WHAT IS EXPECTED: Leaving out all pictures, copy the lines below exactly, from the line with "Short Tulle A-Line" to the last line, both ends included.

DATA:

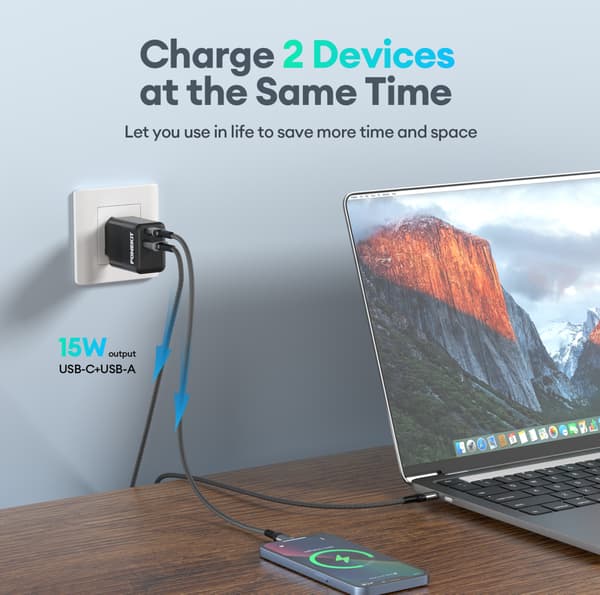 FoneKit Dobbelt 20W-oplader, USB-C + USB-A, sort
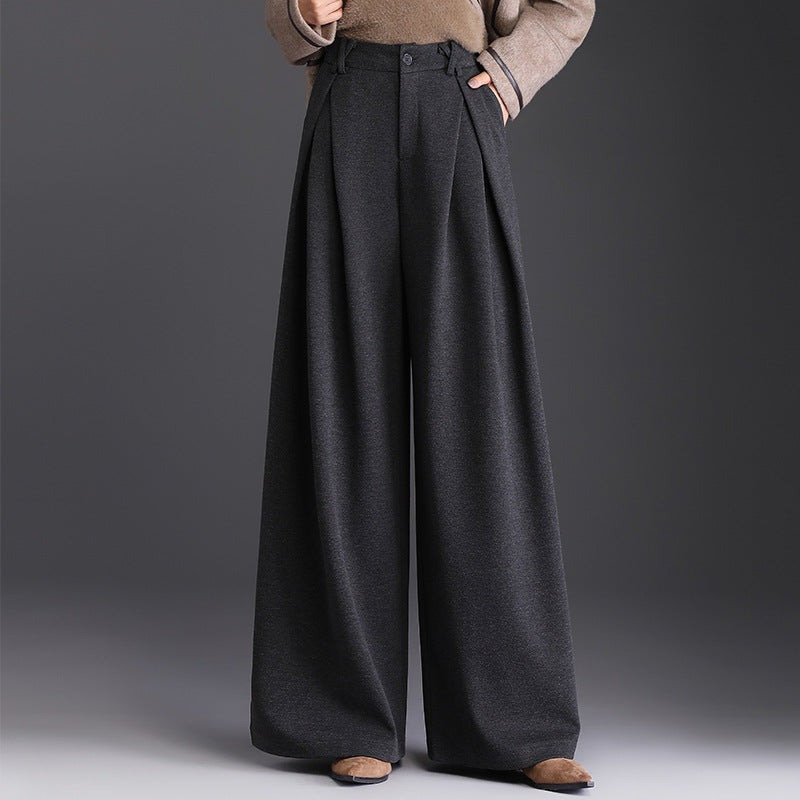 Women's high-waisted wide-leg trousers with deep pleats - dark grey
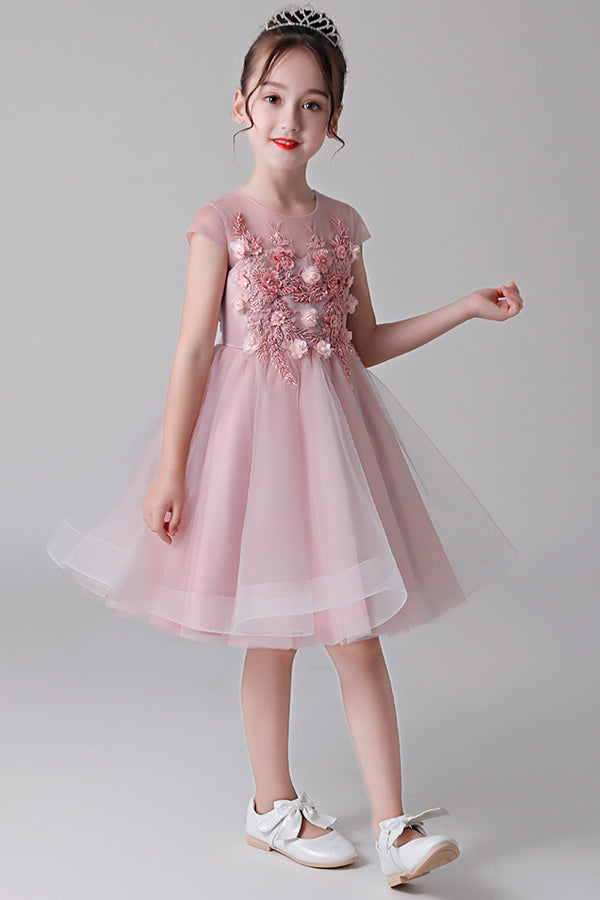 Short Tulle A-Line Flower Girl Dress with Floral Bodice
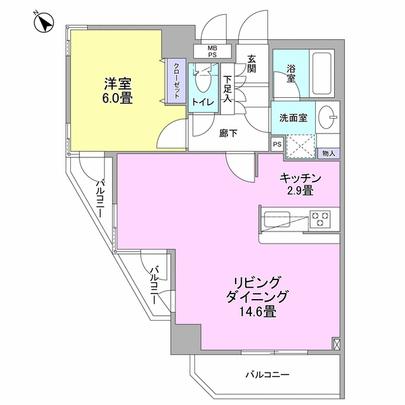Floor plan. There is also floor plan of the reference plan of the floor plan 2LDK.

OUTPUT:
 Short Tulle A-Line Flower Girl Dress with Floral Bodice
Floor plan. There is also floor plan of the reference plan of the floor plan 2LDK.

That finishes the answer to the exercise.